Stored data:
Segment Open
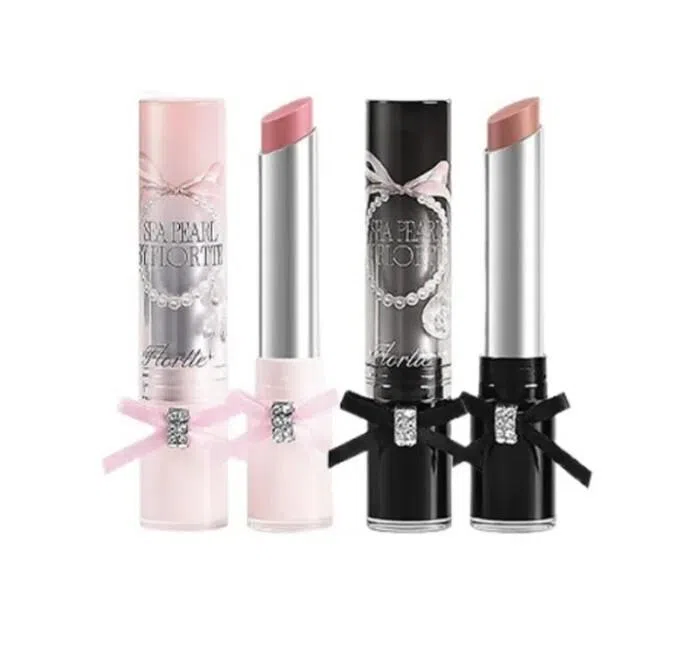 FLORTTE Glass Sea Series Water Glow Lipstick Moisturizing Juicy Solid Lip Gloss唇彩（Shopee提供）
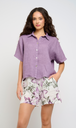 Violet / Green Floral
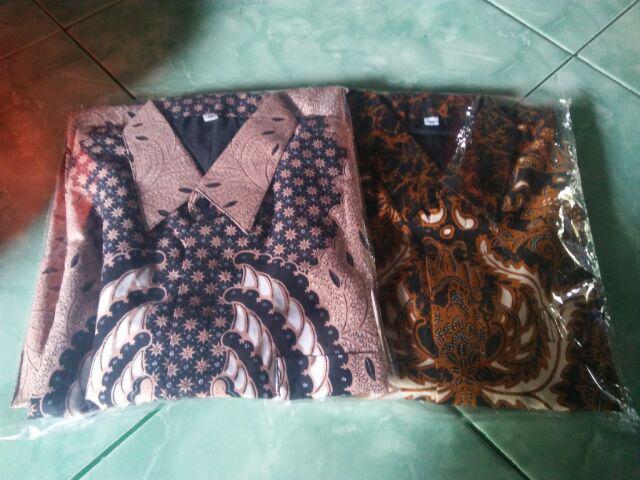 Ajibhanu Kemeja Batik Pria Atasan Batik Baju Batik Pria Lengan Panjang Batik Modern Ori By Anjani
Segment Closed
Requirement:
All of the material above needs to be restated exactly, with no pictures.

Task result:
 FLORTTE Glass Sea Series Water Glow Lipstick Moisturizing Juicy Solid Lip Gloss唇彩（Shopee提供）
 Violet / Green Floral
 Ajibhanu Kemeja Batik Pria Atasan Batik Baju Batik Pria Lengan Panjang Batik Modern Ori By Anjani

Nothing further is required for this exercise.